Topics: Education, Google, Leadership, Technology

So, today saw me taking a day out from school to drive up to Auckland for an immersive day with Google Apps. The day was a big success and although I took just a few things away with me it was great to start developing my PLN here in New Zealand. The day was facilitated by Mike Reading, a Certified Google Apps Edu Trainer and Certified Google Teacher. You can find out more about him and his work here.

Mike REading - Google Apps for Education Specialist

Our facilitator for the day

Mike started his initial sessions with the First World Problems video

A great icebreaker to start the morning! The up shot? – Creating a culture of engagement in schools is key to developing a culture of learning and achievement So, what about BYOD? Mike made some interesting points about schools that mandate a device for school are not actually representing a true BYOD policy. We need to get away from focusing the technology and focusing on the pedagogy and practice. How can the various tools we have access to via technology facilitate learning?

There needs to be focus on developing software skills that are skilling students for the future. It is less about software, hardware and equity and more about finding a platform and springboard into learning and the new opportunities that this may bring. Effective learners need intrinsic motivation, this requires autonomy and for a student, autonomy means choice.
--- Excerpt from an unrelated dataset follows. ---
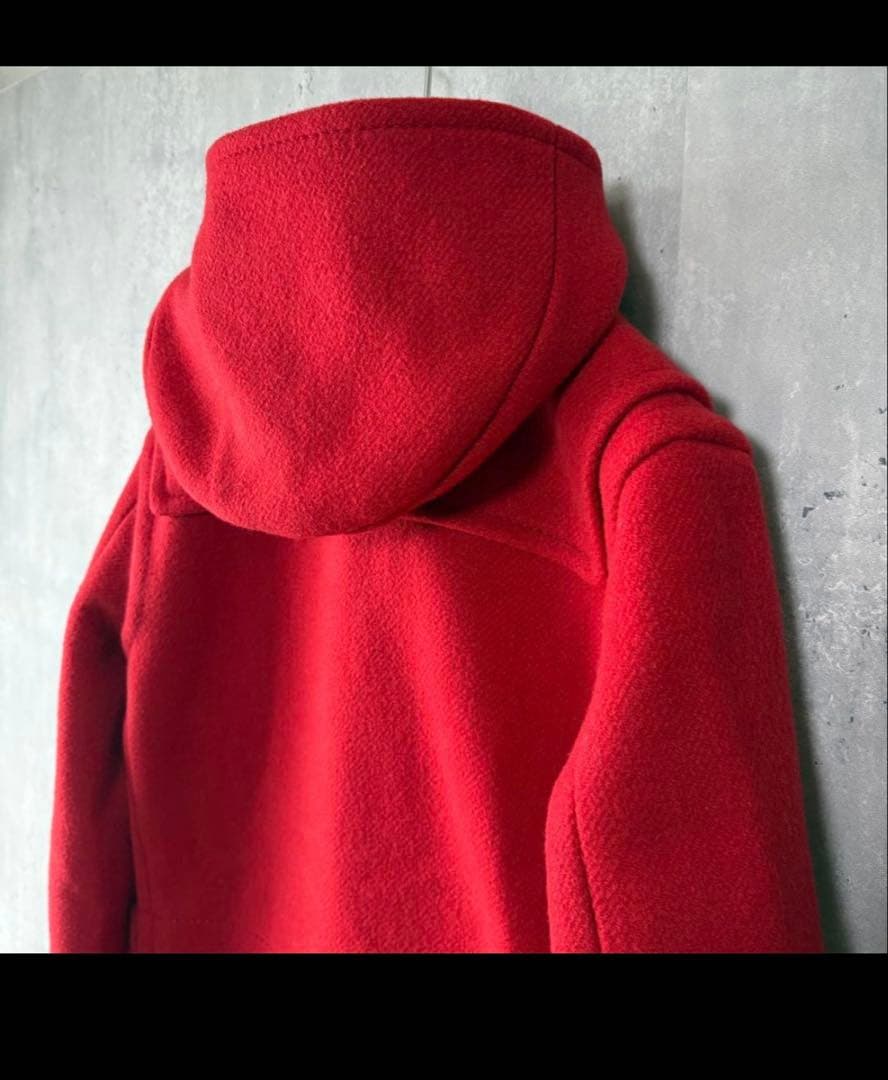 やっぱりかわいい‼️ホームスパン☆ヘビーメルトンロングダッフル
So how do we give students choice within the realms of the curriculum?

Mike brought in to play the famous quote from Steve jobs – “What’s wrong with education cannot be fixed by technology”. We need to see a shift in thinking and secure opportunities that are valued by the learner. Indeed, some schools are taking some ideas from industry – introducing the notion of 20% time. Students have 20% available of the week to work on whatever educational work has value to them.

Mastery – An educational conundrum is that students do not see themselves as making progress due to the incremental change taking place. As a result they live in a world of frustration and we need a way of providing feedback to students and show them that they are progressing. Technology allows us to show progression easily. Why is it that students engage in computer games but not when using technology in the curriculum? It is all to do with feedback. Games are built around progression, have feedback loops (Computer games give negative feedback every 7.4 seconds, positive feedback every 1.4 seconds). As a result GoogleDocs can kick mastery out of the park.

Purpose – How can we use technology to place extra value on work?

It was great to meet up with everyone today and I hope that there will be lots of good ideas that stem out of the day that can be shared. The day certainly inspired me, with a few reflective blogs being posted during the day.